### Work instruction
Without the images, reproduce every entry exactly.

(Data extracted from a collection)

┌──

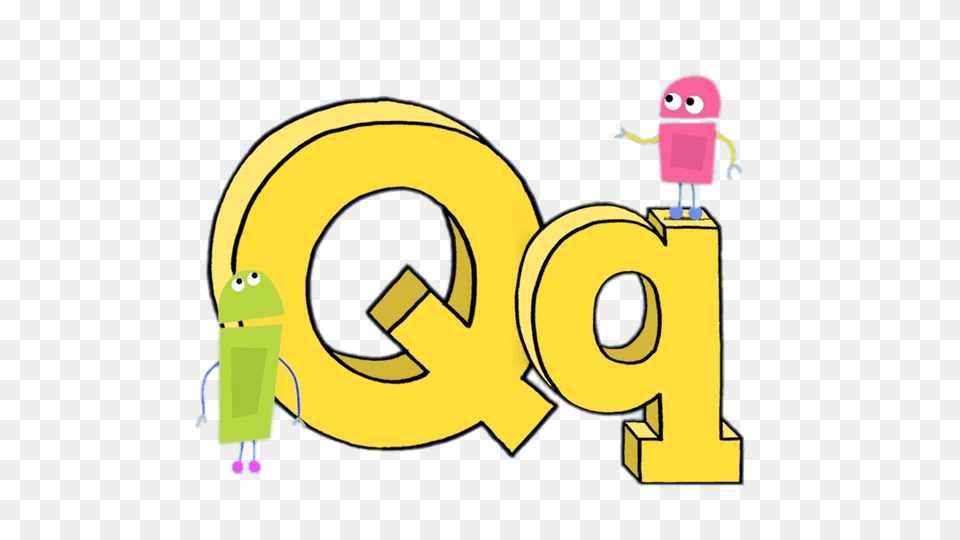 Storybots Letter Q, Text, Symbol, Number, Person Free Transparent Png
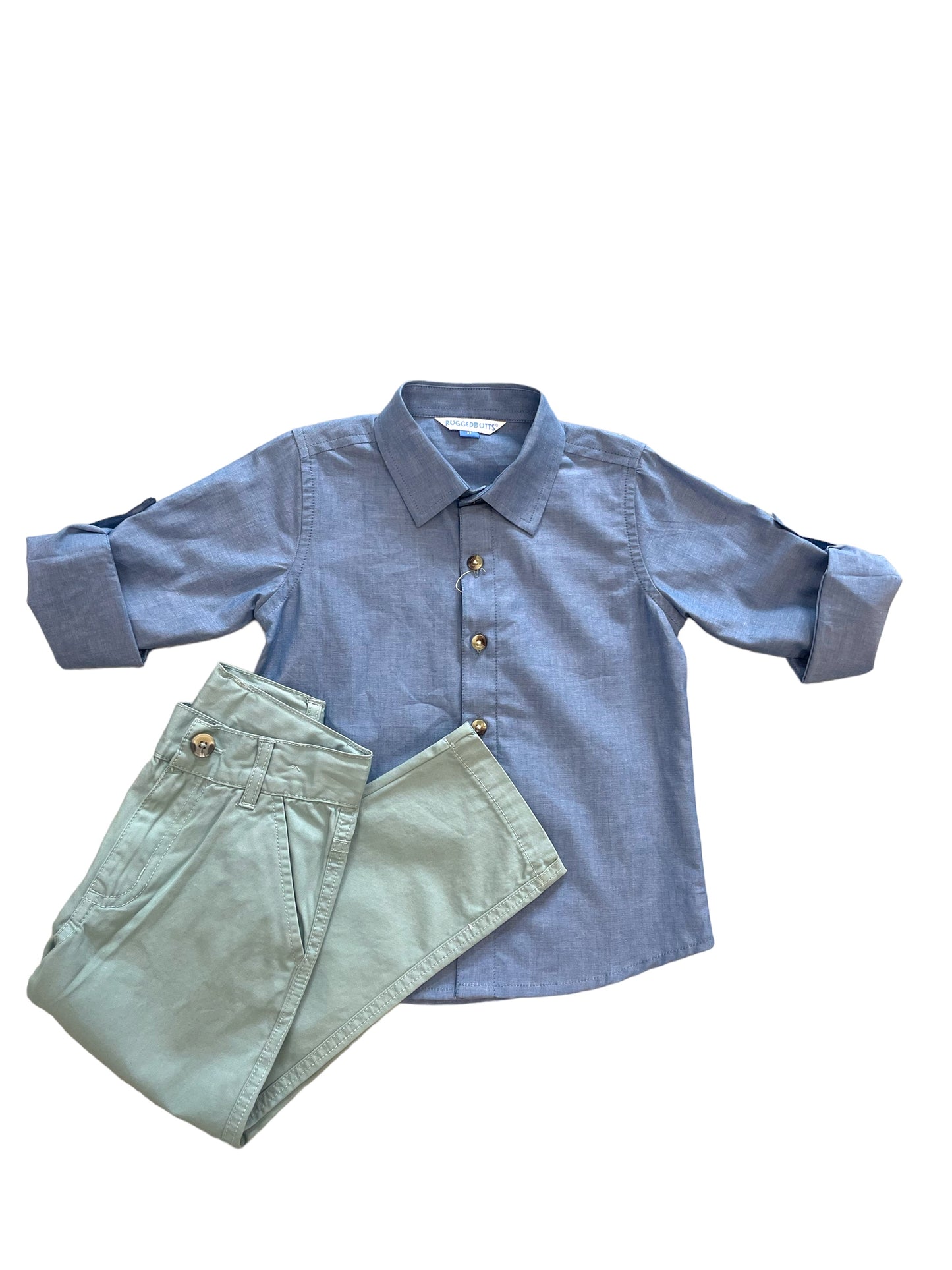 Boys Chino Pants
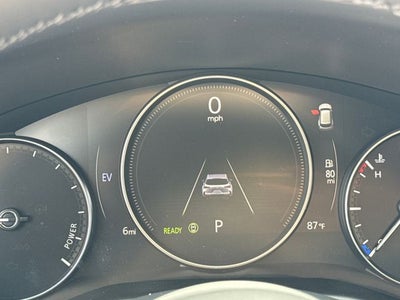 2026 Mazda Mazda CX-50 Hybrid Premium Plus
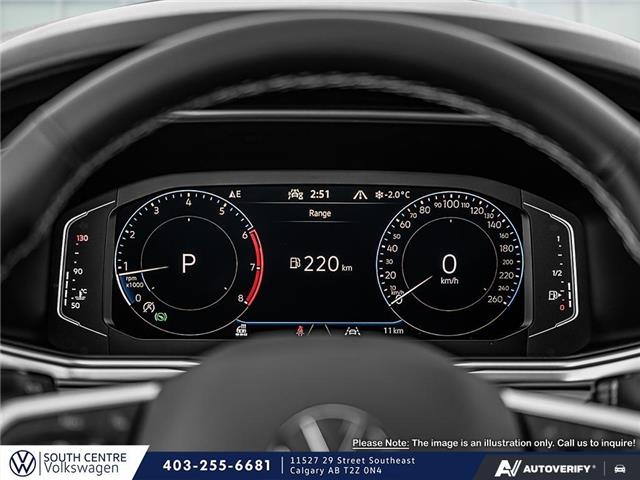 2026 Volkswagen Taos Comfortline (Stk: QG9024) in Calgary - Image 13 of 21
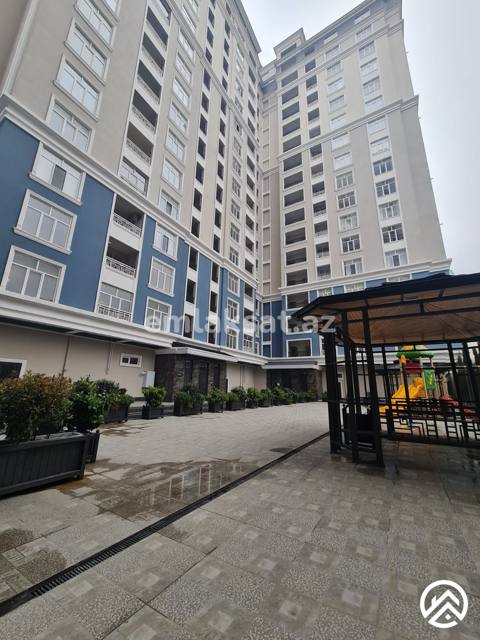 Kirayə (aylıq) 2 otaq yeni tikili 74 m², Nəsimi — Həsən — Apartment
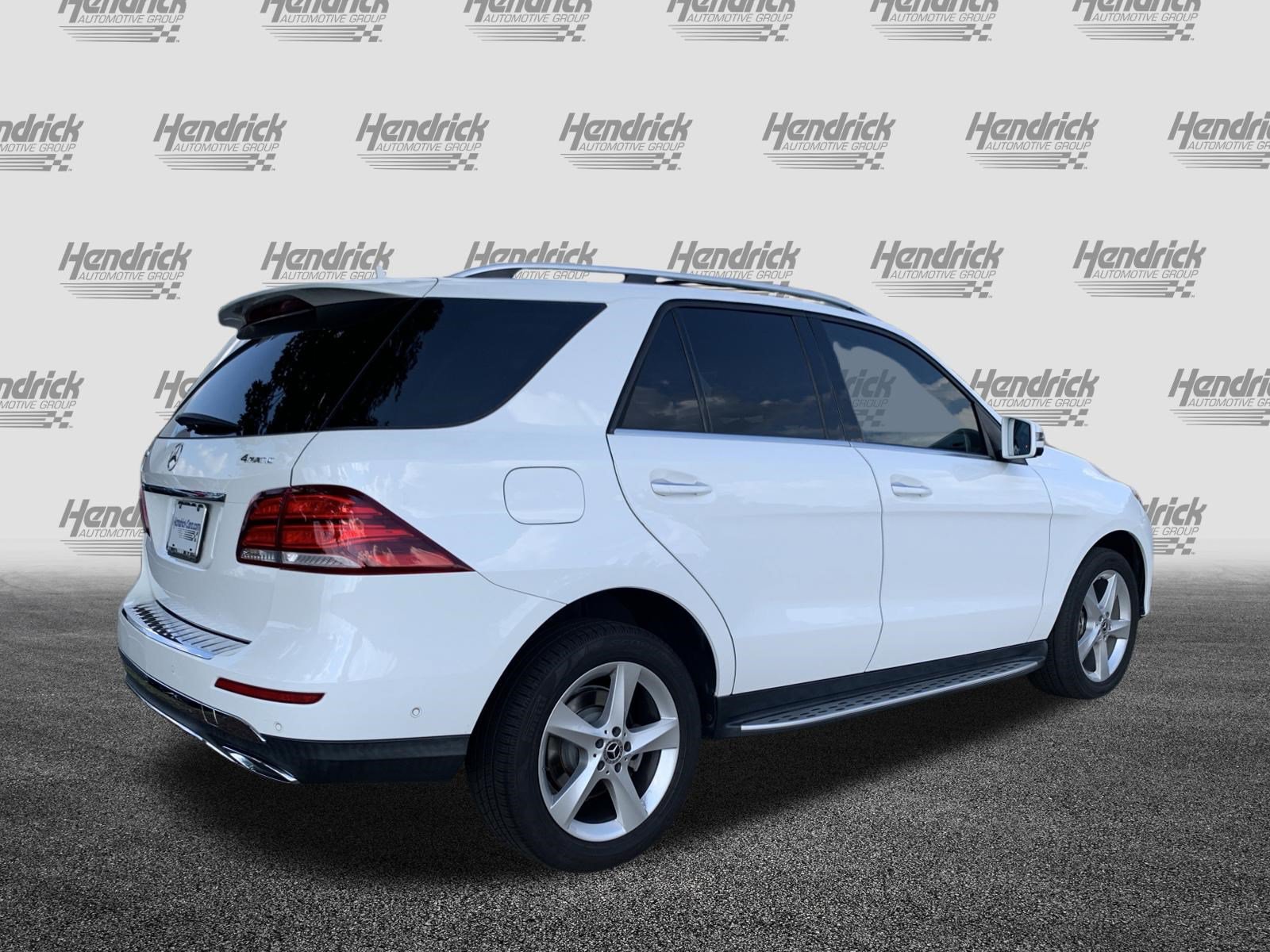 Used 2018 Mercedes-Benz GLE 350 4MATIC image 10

└──

### Problem solution
 Storybots Letter Q, Text, Symbol, Number, Person Free Transparent Png
 Boys Chino Pants
 2026 Mazda Mazda CX-50 Hybrid Premium Plus
 2026 Volkswagen Taos Comfortline (Stk: QG9024) in Calgary - Image 13 of 21
 Kirayə (aylıq) 2 otaq yeni tikili 74 m², Nəsimi — Həsən — Apartment
 Used 2018 Mercedes-Benz GLE 350 4MATIC image 10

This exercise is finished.